3. De beschikbaarheid der estheten
Inzoover nu, evenzeer als dertig of vijftig jaren geleden, vrijwel elk kunstenaar, eerder dan iets mooi te vinden omdat hij ervan houdt, nog van iets houdt omdat hij het mooi vindt, zijn alle kunstenaars, of dichters, nog altijd min of meer estheten, ook al verbeelden zij zich het niet meer te zijn omdat zij het leelijke mooi zijn gaan vinden. Toch zijn er onder hen nog altijd niet weinigen, die - hoezeer dan ook estheet - tevens werkelijk kunstenaar zijn, en zij zijn dat sterker en werkelijker naarmate het in het instrument, in elk kunstenaar als eerste wezensfunctie voorhanden, van ouder makelij is en beter onderhouden.
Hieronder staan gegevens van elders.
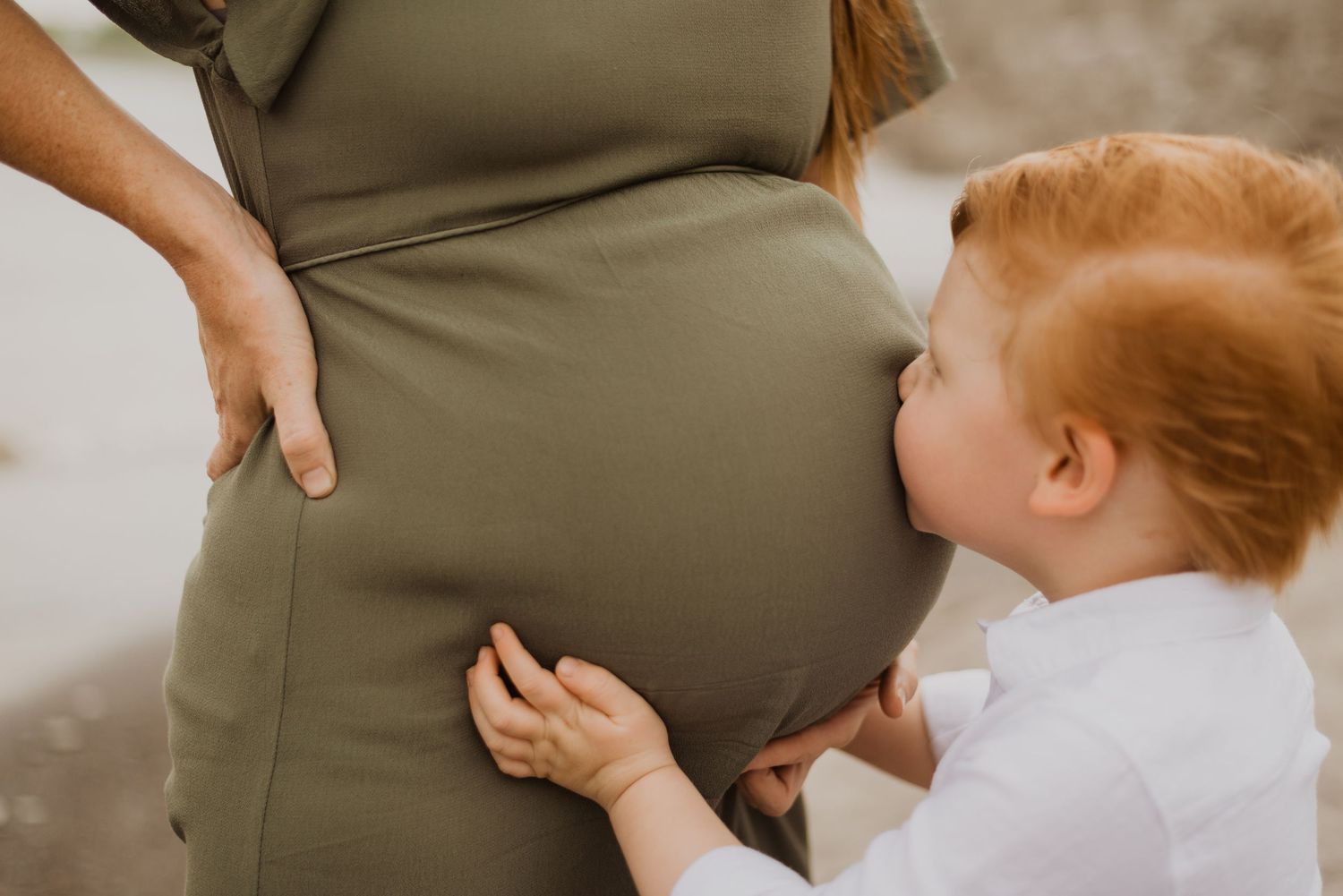 A red-haired toddler kissing his pregnant mother's baby bump while she wears an olive green maternity dress.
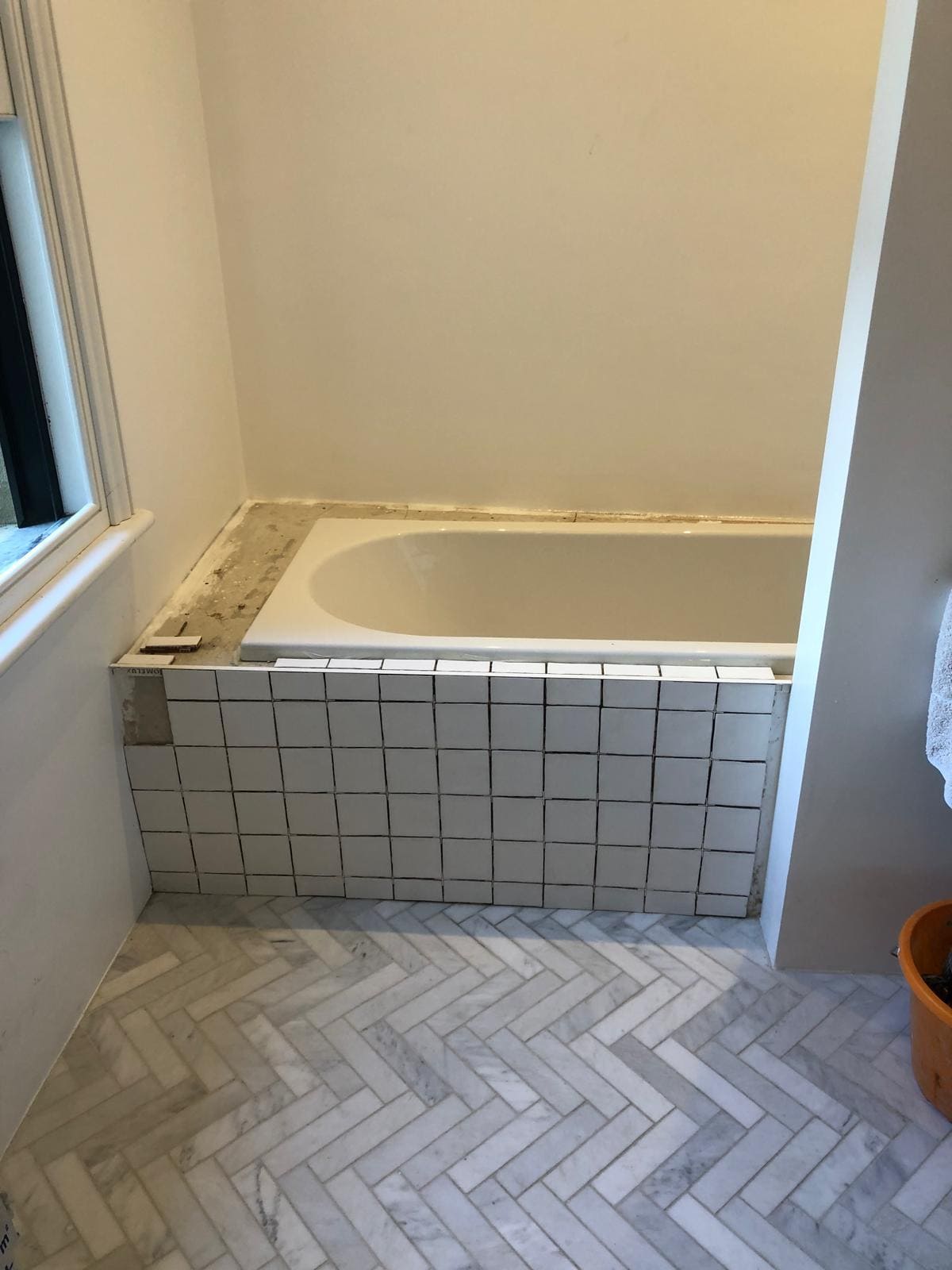 Bathroom installation in London featuring new tiling and fixtures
In den kunstenaar, die tegelijk een estheet van het leelijke is, dat hij dan bij voorkeur het ‘echte’ noemt, laat de makelij van het instrument niet zelden te wenschen, en het onderhoud verwaarloost hij, om der wille van het leelijke, veelal uit beginsel.
Daarom zal, ontketent zich eenmaal de ophanden vergelding der zielskrachten over de wereld, de komende schoonheid, ook in de gedaante der verschrikking, en zelfs als zij barbaarsch zou zijn, vanzelf eerder varen in den kunstenaar of dichter, die, voorzoover hij estheet is, estheet is van het mooie, want hij is, mits hij als wezen en persoonlijkheid maar sterk genoeg bleef, als beter instrument, beschikbaarder. Alle schijn ten spijt, behield hij het oude verband met haar - die, van geen tijd zijnde, haar tijd kiest - in toegewijder eenvoud dan hij, die karakter vereerend ten koste van wezen en persoonlijkheid, het echte zocht in het leelijke, en in een laag van het bewustzijn terecht kwam waar al sinds meer dan een eeuw de zielskrachten worden omgezet in energie.
Ook al is zulk een door wezen en persoonlijkheid meer beschikbare estheet voor haar maar een minnaar bij tijdelijk gebrek aan beter, hij zal, dat wetende, er zich niet minder onvoorwaardelijk beschikbaar om stellen, al moet hij de snaren van zijn instrument er aan wagen. Want haar omarming was van ouds het genot dat verteert, en ook als het vernielt is het genot, en waren de dichters niet altijd van hen, die - op welk plan dan ook - roekeloos en onverzaadbaar op het genieten uit zijn?